13. Secundando e valendo também para a presente revista o entendimento expendido e aquilo que constitui a orientação desta Formação quanto à matéria, que ora se reitera, sendo que não descortinamos da e na argumentação expendida pela recorrente razões operantes e válidas para dela nos apartarmos, impõe-se concluir no sentido da inadmissibilidade da revista por não preenchimento dos requisitos previstos no n.º 1 do art. 150.º do CPTA, na certeza de que o julgado sob impugnação se mostra em linha com a jurisprudência deste Supremo, incluindo a produzida já após a revisão/reforma operada pelo DL n.º 214-G/2015.

14. De notar que não fora a anomalia ocorrida na tramitação da presente ação na remessa/transmissão do TAF/SNT para o TCA/S não se descortina que, ante a alteração legislativa operada no quadro normativo e o tempo entretanto decorrido, a questão ora suscitada na revista verse ou possua vocação para se repetir no futuro, não sendo replicável no quadro do contencioso administrativo.

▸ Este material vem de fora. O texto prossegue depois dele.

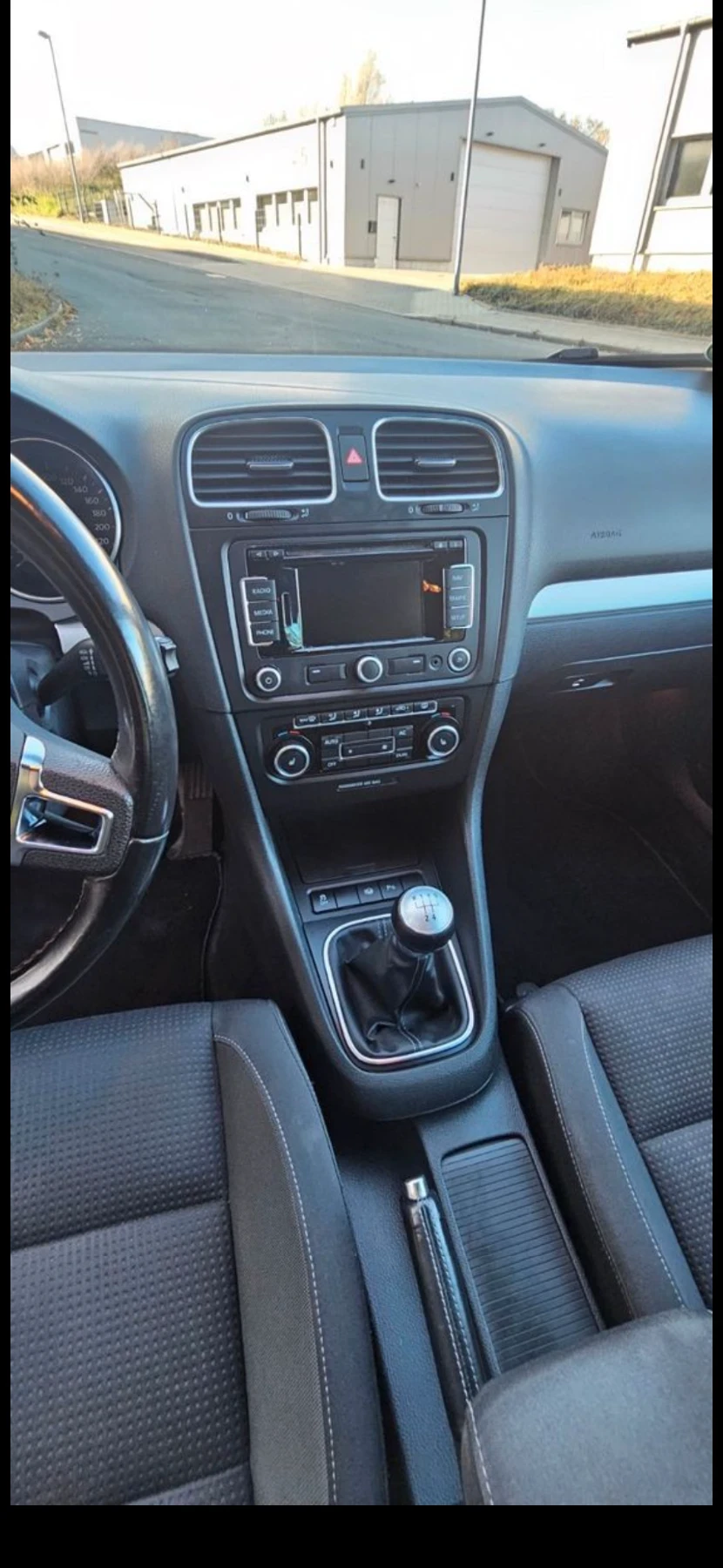 VW Golf 1.6TDI #НАПЪЛНО ОБСЛУЖЕН - изображение 6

15. E entendemos também não se justificar a intervenção deste Supremo Tribunal quanto às questões de constitucionalidade, porquanto o problema jurídico que, em essência, se mostra suscitado diz respeito a questão sobre a qual a sua intervenção não pode assegurar as finalidades inerentes à razão de ser do recurso excecional de revista, isto é, de, em termos finais, decidir litígios e/ou orientar e definir interpretações para futuras decisões de casos semelhantes no âmbito daquilo que constituem as matérias da sua competência especializada, tanto mais que em sede do controlo da constitucionalidade das normas e das interpretações normativas feitas a última palavra caberá ou mostra-se acometida ao Tribunal Constitucional [TC].

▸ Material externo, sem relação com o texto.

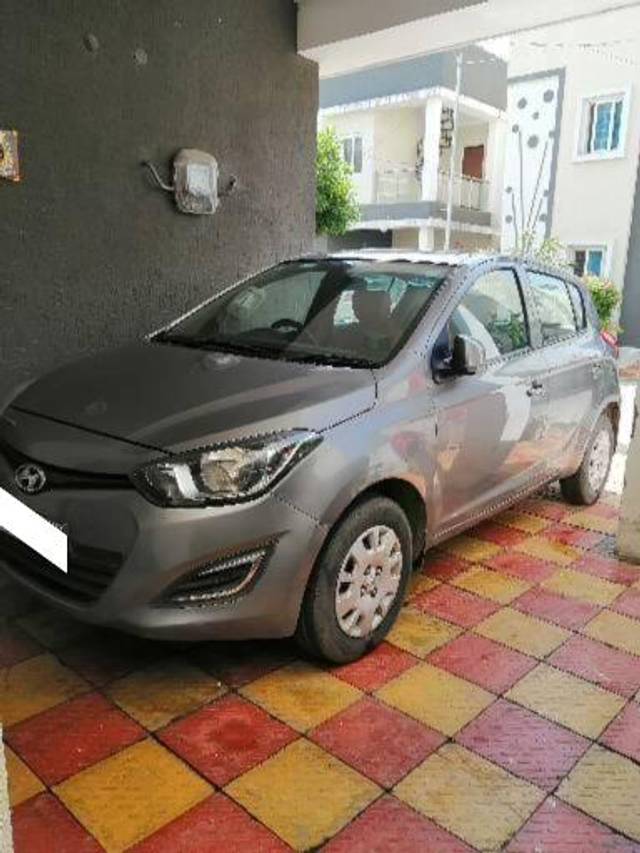 https://images10.gaadi.com/usedcar_image/4336279/original/processed_fd2c145b-8076-4468-bed0-89456cb647a9.jpg?imwidth=6402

16. Com efeito, afigura-se-nos que para se lograr aceder ao TC e obter tutela em sede do controlo de questão de conformidade constitucional de normas não resulta como exigida, ou sequer como imposta, a necessidade de emissão de uma pronúncia sobre a questão por parte deste Supremo Tribunal no quadro do recurso de revista excecional tal como se mostra delimitado e gizado no art. 150.º do CPTA, tanto mais que um tal entendimento redundaria ou implicaria que, uma vez suscitada uma questão de constitucionalidade, houvesse lugar à necessária e imediata admissão do recurso de revista, ao arrepio daquilo que constituem as finalidades e âmbito do mesmo e dos critérios definidos.

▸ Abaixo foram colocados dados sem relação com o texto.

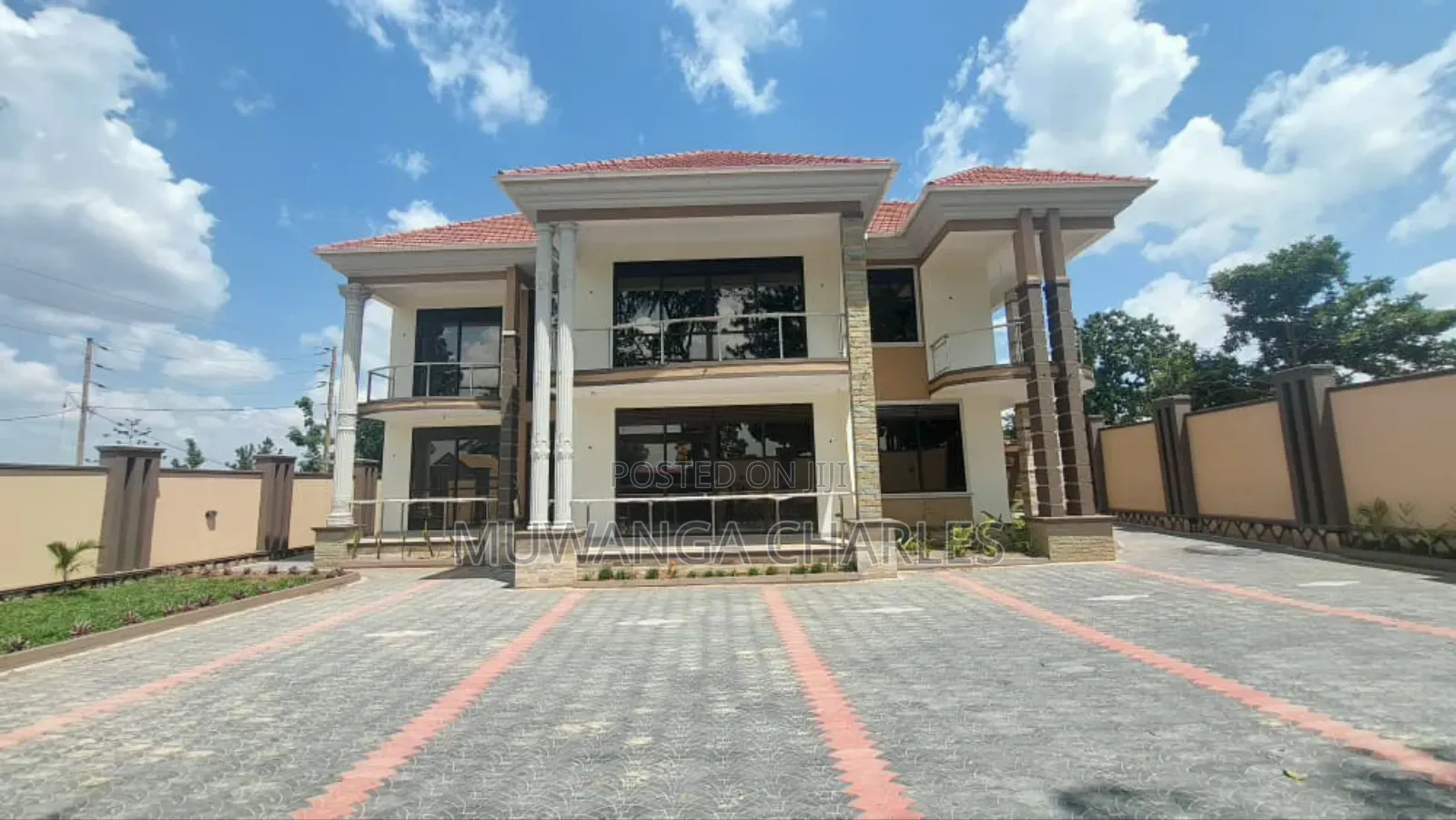 5bdrm Duplex in Fs Properties Ltd, Nakawa for sale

17. Reiterando-se aqui o entendimento supra enunciado, o qual, aliás, faz aplicação à situação de posicionamento sucessivamente afirmado por esta Formação de Admissão quanto ao âmbito das questões objeto do recurso de revista quando, no essencial, este se cinge a questões de constitucionalidade [cfr., entre outros, os Acs. de 09.09.2015 - Proc. n.º 0881/15, de 03.12.2015 - 01544/15, de 08.03.2017 - Proc. n.º 0185/17, de 05.04.2017 - Proc. n.º 0352/17, de 11.01.2018 - Proc. n.º 01419/17, de 10.05.2019 - Proc. n.º 0445/15.1BEBRG, e nos mais recentes, os Acs. de 04.02.2021 - Procs. n.ºs 0549/13.5BEAVR, 0822/09.7BECBR e 02605/14.3BESNT, de 18.02.2021 - Procs. n.ºs 01382/20.3BELSB, 0804/17.5BEPRT, de 11.03.2021 - Proc. n.º 1240/19.4BEPNF-S1, de 25.03.2021 - Proc. n.º 0213/20.9BEALM-S1].

18. Flui do exposto que a presente revista mostra-se inviável, não se justificando submetê-la à análise deste Supremo, impondo-se in casu a valia da regra da excecionalidade supra enunciada.


DECISÃO
Nestes termos e de harmonia com o disposto no art. 150.º do CPTA, acordam os juízes da formação de apreciação preliminar da Secção de Contencioso Administrativo deste Supremo Tribunal em não admitir a revista.
Custas a cargo da recorrente.
D.N..
Lisboa, 09 de dezembro de 2021. – Carlos Carvalho (relator) – Teresa de Sousa – José Veloso.